Question about last weeks exam

Discussion in 'CT4' started by trainee actuary, Oct 10, 2009.

  1. I have a question about the graduation test question in Octobers Ct4 exam

    It asked to do a normal goodness of fit test. However, it asked for 2 other statistical tests. Would you count the smoothness test as one such test?

    The first one I did was the st dev test (as per normal). But from these results, it looked like the data was undergraduated.

    Hence I did the smoothness (undergraduation) test as the other test?

    Is this OK? What do you think?
     
  2. scarlets

    scarlets Member

    I didn't do the smoothness test. Like you I didn't think this was a statistical test. But I kicked myself afterwards for not doing it. I suspect it would have failed the smooth test, because the grad rates were so close to the actual that it would have probably been an undergraduation.

    It said statistical test didn't it? So I chose std dev and signs test. The graduation was ridiculously close to the data, spot on in many cases. For signs test the deviation was zero for many cases so don't know if that counts as a +ve or -ve or neither (think it says in notes somewhere but I can't remember).
    And the chi-square was so small that it would not have failed the chi-square test as it was almost perfect fit.

    I was disappointed in this question and ran out of time so didn't have time to think about it properly. That's one of my issues with the exams in general - it seems to be a desperate run against the clock to pick up as many marks as possible, another 5 minutes here and there to actually think more about the question would yield better answers.
     
    Last edited by a moderator: Oct 12, 2009
  3. Falak Soomro

    Falak Soomro Member

    General Opinion about Sep2009 CT4 Exam

    Fellows what is your general opinion about CT4 exam of this session?
     
  4. tatos

    tatos Member

    Hi,

    I also did the signs test for this question and, like scarlets, wasn't too sure about what to do with the zero's. Time was an issue for me and so I just treated them as negatives and moved on...

    I was wondering about that exposed to risk question where census data for the one year was missing (I think... don't know that I read it all that well). I decided to come back to this one at the end of the exam but when I did I didn't have enough time to answer it well. I started answering the question as though all data were present and stating what calculations would be made if this were so, and then went on to point out the fact that some amendment was required because data was missing and started stating asumptions... I never got to do much more than this. Does anyone know if this might earn you a mark or two??
     
  5. Sleepflower

    Sleepflower Member

    Was I the only one who didn't have any zeros? You wern't comparing the ungraduated qx's with the number of deaths/exposed to risk are you? Then all you have is rounding errors. I thought the qx's in the paper were ungraduated, but maybe I miss-read the paper.

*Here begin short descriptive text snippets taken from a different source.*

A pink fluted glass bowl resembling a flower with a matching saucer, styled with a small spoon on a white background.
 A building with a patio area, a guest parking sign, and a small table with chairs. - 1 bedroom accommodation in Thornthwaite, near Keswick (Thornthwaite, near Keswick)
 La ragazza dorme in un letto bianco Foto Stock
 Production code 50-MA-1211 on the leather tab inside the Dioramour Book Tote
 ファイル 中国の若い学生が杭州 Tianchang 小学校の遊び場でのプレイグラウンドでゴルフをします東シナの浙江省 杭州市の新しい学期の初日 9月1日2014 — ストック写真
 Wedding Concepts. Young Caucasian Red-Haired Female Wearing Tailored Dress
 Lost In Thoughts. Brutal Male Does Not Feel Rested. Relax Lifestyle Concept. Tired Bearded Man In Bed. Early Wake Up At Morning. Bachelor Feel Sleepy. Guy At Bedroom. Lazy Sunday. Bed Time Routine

    I thought you found the qx's from tables with the graduation formulia given (ie 10*qx I think)

    I then multiplied these by exposed to risk and compared with number of deaths.

    Am I way off the mark?
     
  6. souljact

    souljact Member

    Yes, I agree with you, I didn't use the graduation formula but I realised that was what should have been done because those were the observed rates. Hope I get some marks for the method!